_Work to be completed_.
All lines from the beginning of the listing through the line with "Квартира Студия с Балконом и Видом на Море" are to be copied word for word; the pictures are not.

_Data provided_.
##############################

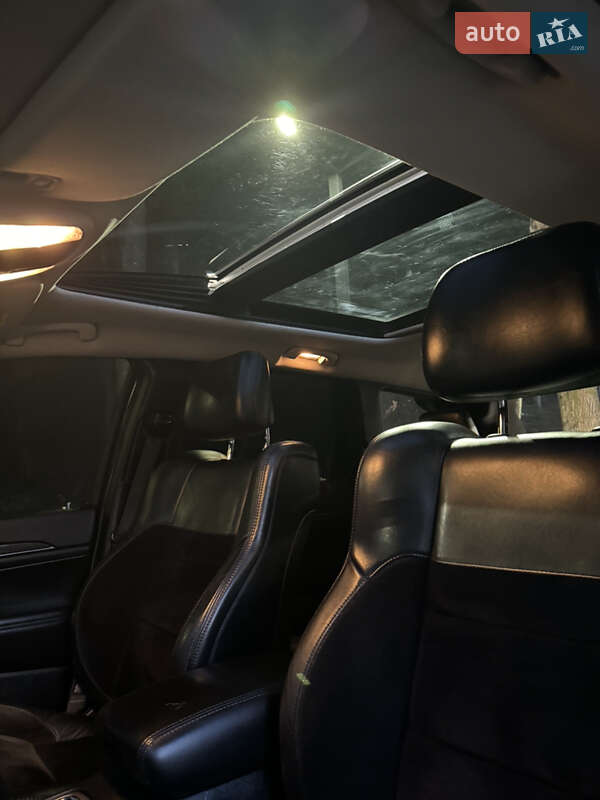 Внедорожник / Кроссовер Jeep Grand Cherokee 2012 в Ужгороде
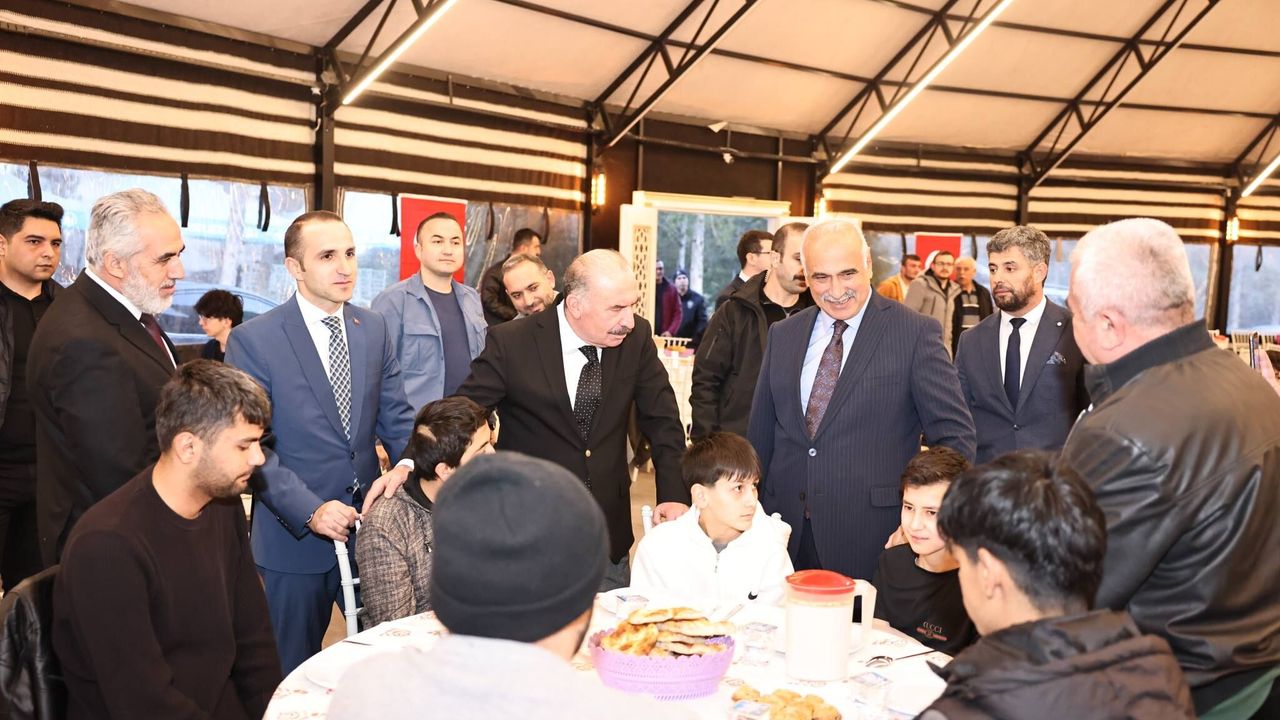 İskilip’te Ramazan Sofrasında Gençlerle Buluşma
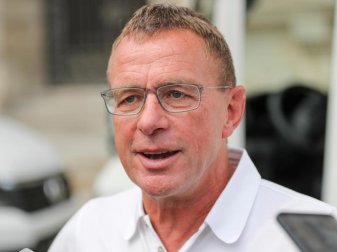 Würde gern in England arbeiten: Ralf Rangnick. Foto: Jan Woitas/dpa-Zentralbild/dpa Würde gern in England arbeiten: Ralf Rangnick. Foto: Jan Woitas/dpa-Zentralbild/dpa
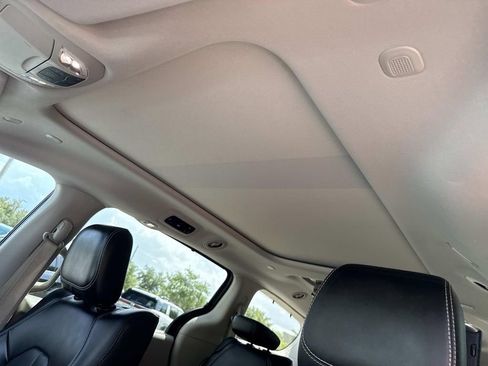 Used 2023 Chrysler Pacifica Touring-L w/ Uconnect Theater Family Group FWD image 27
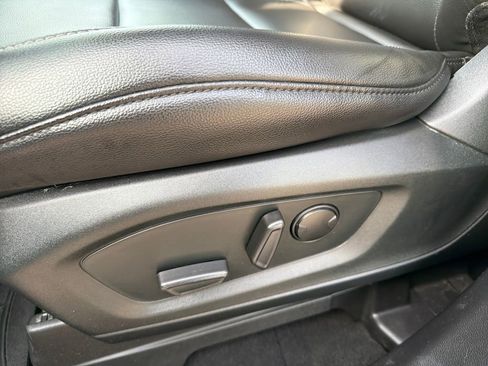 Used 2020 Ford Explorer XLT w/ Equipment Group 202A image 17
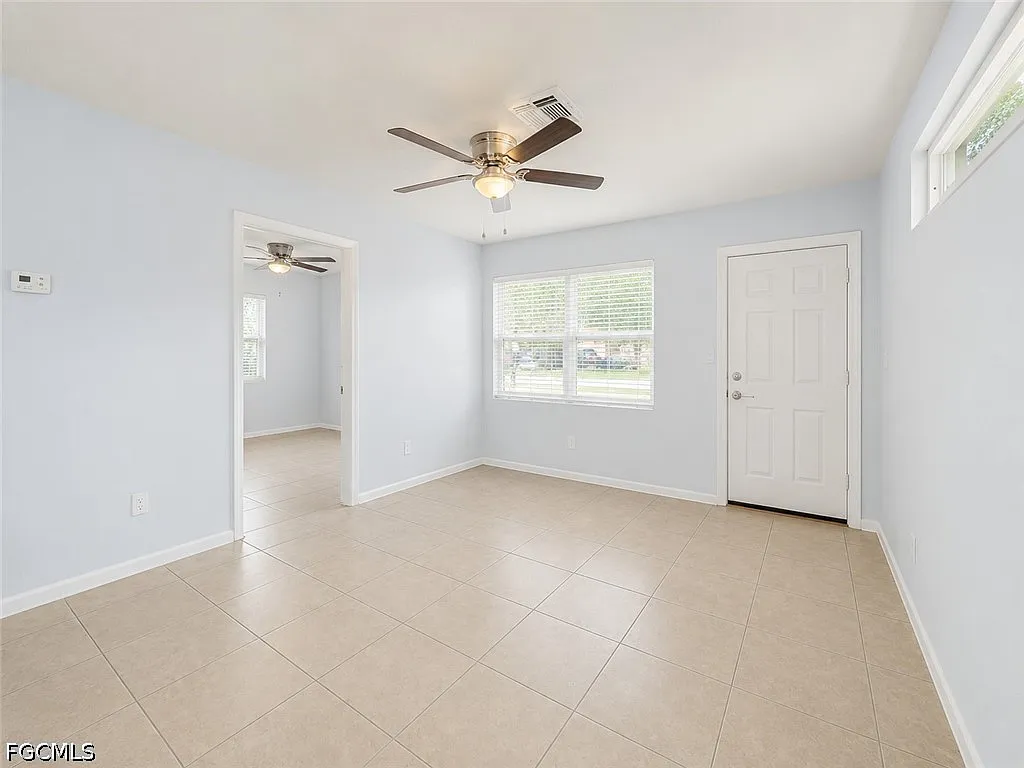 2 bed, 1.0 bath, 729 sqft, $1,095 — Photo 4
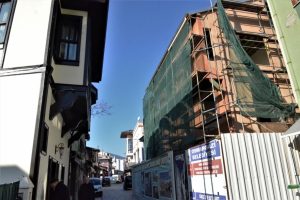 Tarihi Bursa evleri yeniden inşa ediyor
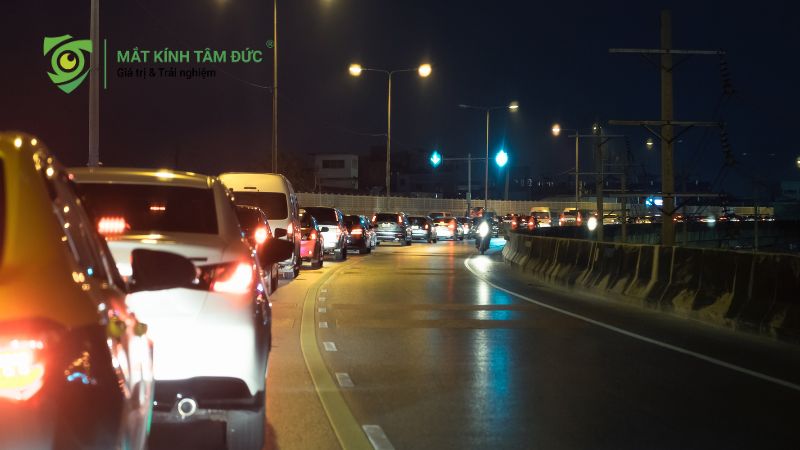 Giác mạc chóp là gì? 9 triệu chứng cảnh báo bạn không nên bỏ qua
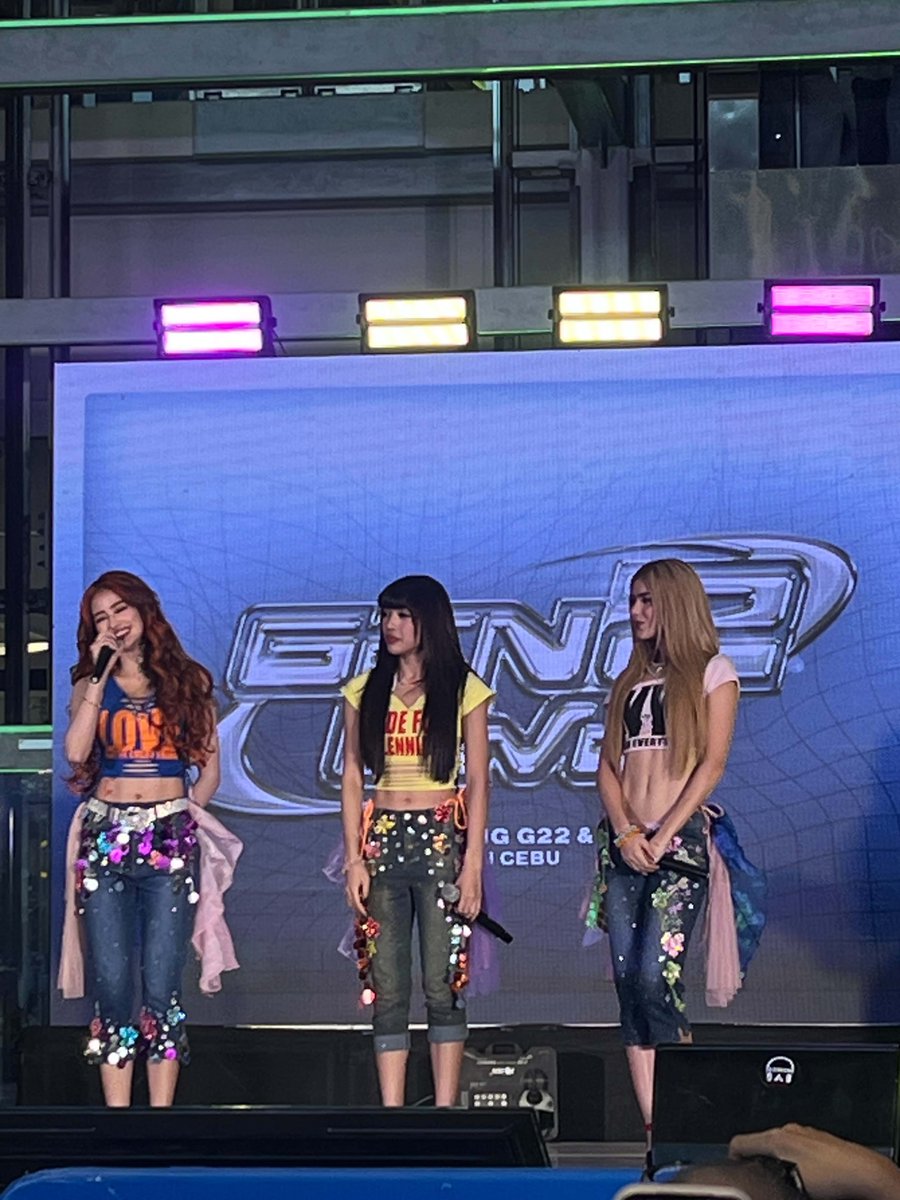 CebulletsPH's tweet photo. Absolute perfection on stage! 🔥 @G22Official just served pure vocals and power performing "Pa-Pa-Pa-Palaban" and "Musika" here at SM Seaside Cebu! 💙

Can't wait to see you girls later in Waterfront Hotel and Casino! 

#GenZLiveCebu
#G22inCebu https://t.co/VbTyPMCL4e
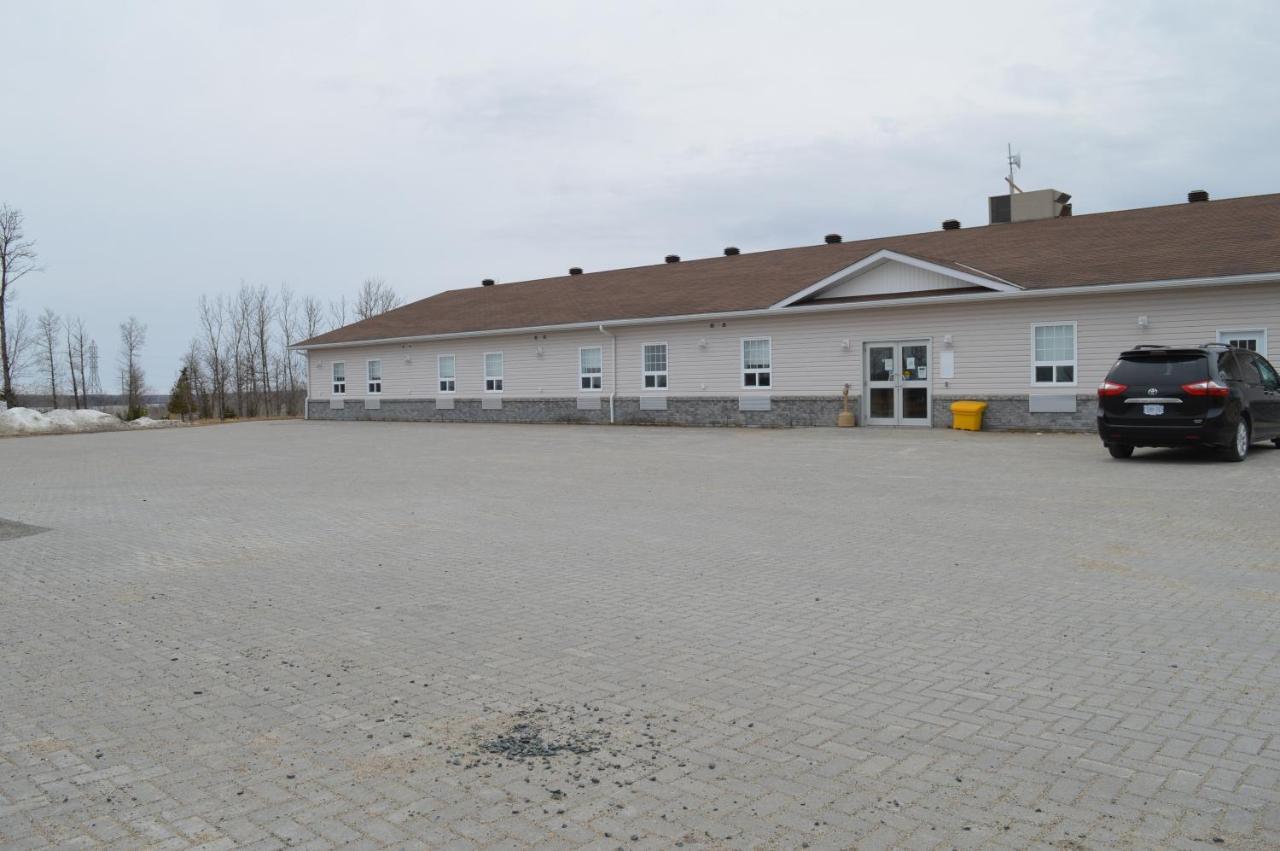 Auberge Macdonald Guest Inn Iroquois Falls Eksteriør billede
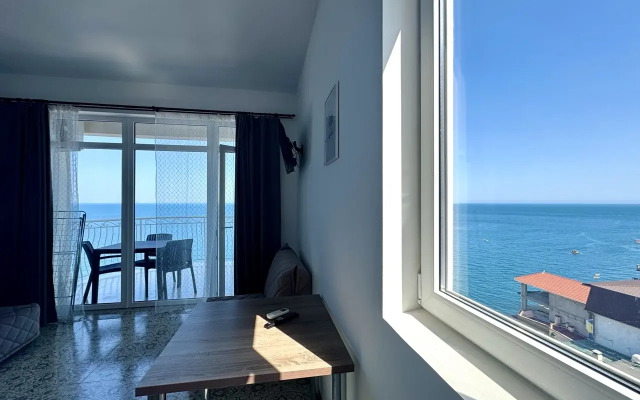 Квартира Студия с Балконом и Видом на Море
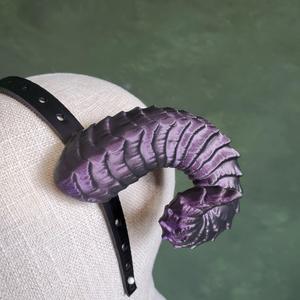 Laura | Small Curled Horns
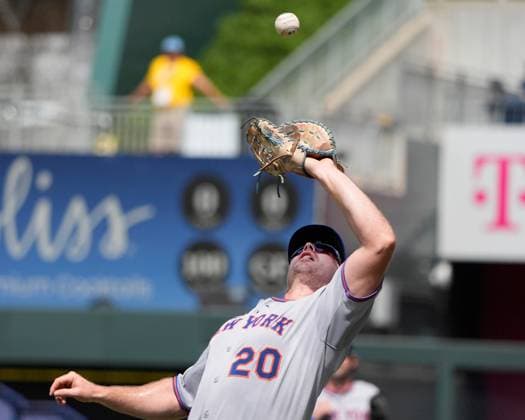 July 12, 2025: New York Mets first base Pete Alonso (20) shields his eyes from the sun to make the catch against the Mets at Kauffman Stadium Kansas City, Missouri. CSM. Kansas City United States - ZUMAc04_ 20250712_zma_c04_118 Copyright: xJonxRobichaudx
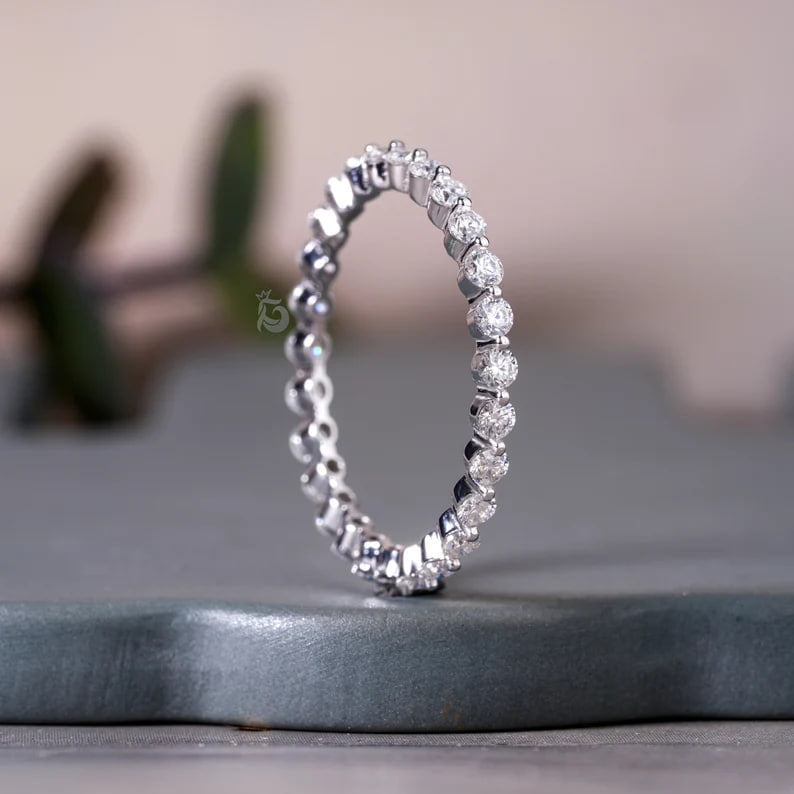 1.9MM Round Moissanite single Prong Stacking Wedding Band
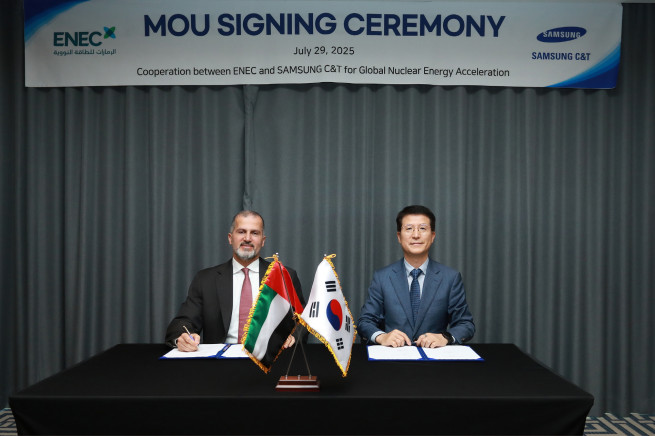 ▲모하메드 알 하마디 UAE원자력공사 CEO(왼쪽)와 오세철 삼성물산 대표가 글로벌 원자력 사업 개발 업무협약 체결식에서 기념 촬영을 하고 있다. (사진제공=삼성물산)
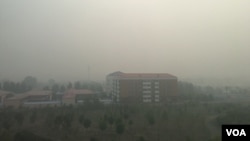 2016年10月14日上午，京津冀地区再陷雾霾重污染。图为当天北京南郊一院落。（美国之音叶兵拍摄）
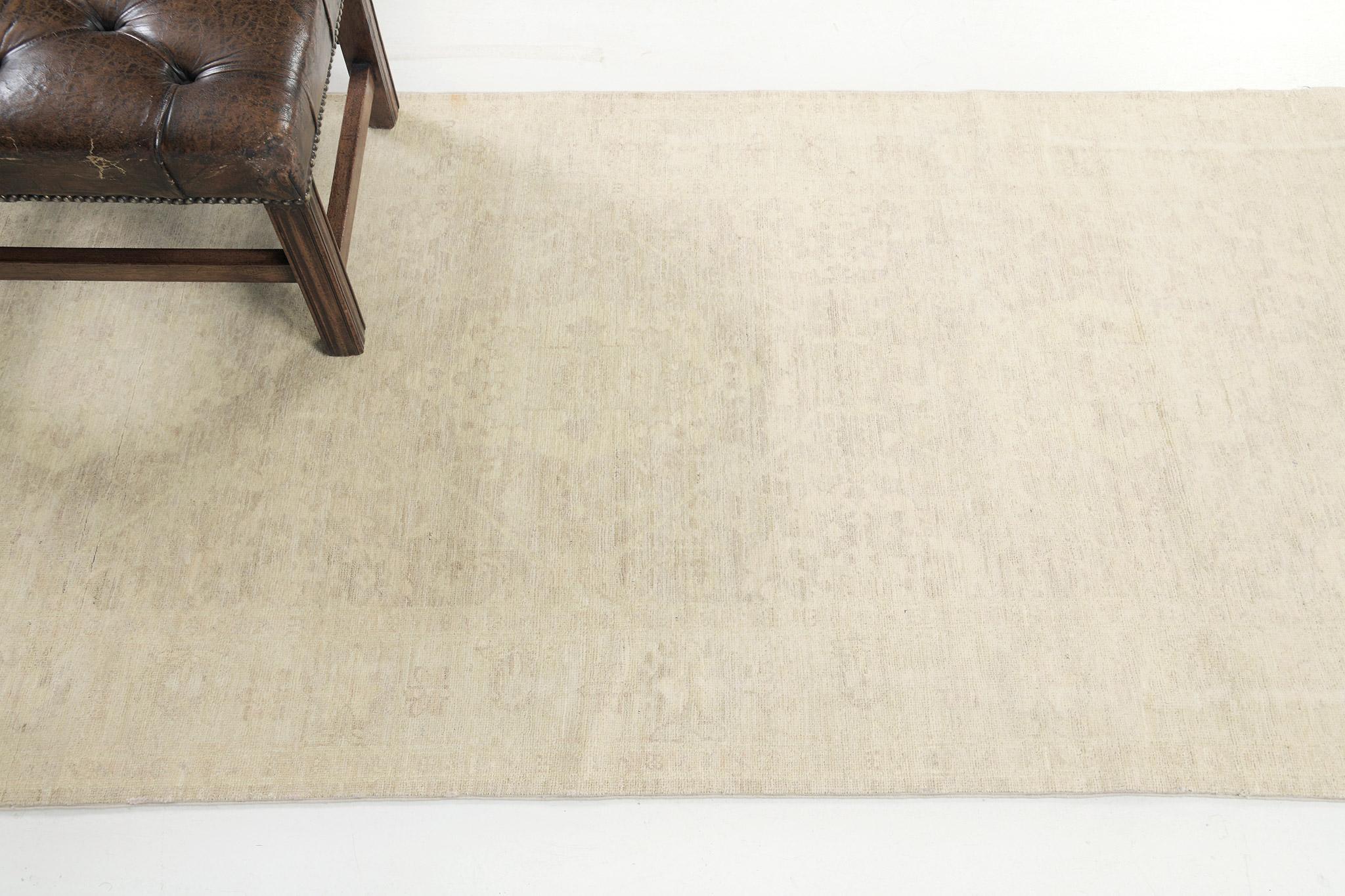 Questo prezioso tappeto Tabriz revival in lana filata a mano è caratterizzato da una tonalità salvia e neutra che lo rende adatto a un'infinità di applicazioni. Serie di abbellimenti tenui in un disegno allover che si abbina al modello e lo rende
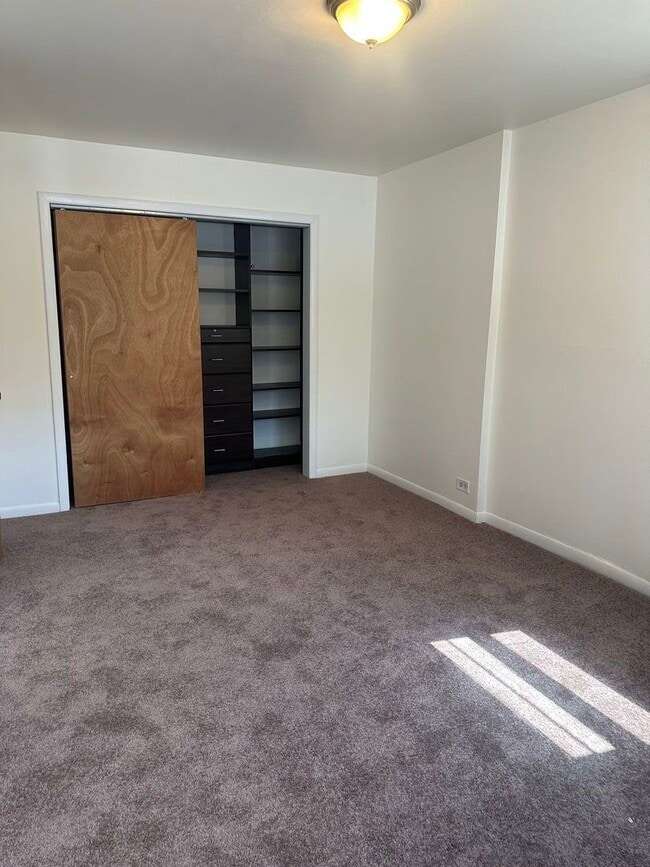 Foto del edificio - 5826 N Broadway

##############################

_Answer to this task_.
 Внедорожник / Кроссовер Jeep Grand Cherokee 2012 в Ужгороде
 İskilip’te Ramazan Sofrasında Gençlerle Buluşma
 Würde gern in England arbeiten: Ralf Rangnick. Foto: Jan Woitas/dpa-Zentralbild/dpa Würde gern in England arbeiten: Ralf Rangnick. Foto: Jan Woitas/dpa-Zentralbild/dpa
 Used 2023 Chrysler Pacifica Touring-L w/ Uconnect Theater Family Group FWD image 27
 Used 2020 Ford Explorer XLT w/ Equipment Group 202A image 17
 2 bed, 1.0 bath, 729 sqft, $1,095 — Photo 4
 Tarihi Bursa evleri yeniden inşa ediyor
 Giác mạc chóp là gì? 9 triệu chứng cảnh báo bạn không nên bỏ qua
 CebulletsPH's tweet photo. Absolute perfection on stage! 🔥 @G22Official just served pure vocals and power performing "Pa-Pa-Pa-Palaban" and "Musika" here at SM Seaside Cebu! 💙

Can't wait to see you girls later in Waterfront Hotel and Casino! 

#GenZLiveCebu
#G22inCebu https://t.co/VbTyPMCL4e
 Auberge Macdonald Guest Inn Iroquois Falls Eksteriør billede
 Квартира Студия с Балконом и Видом на Море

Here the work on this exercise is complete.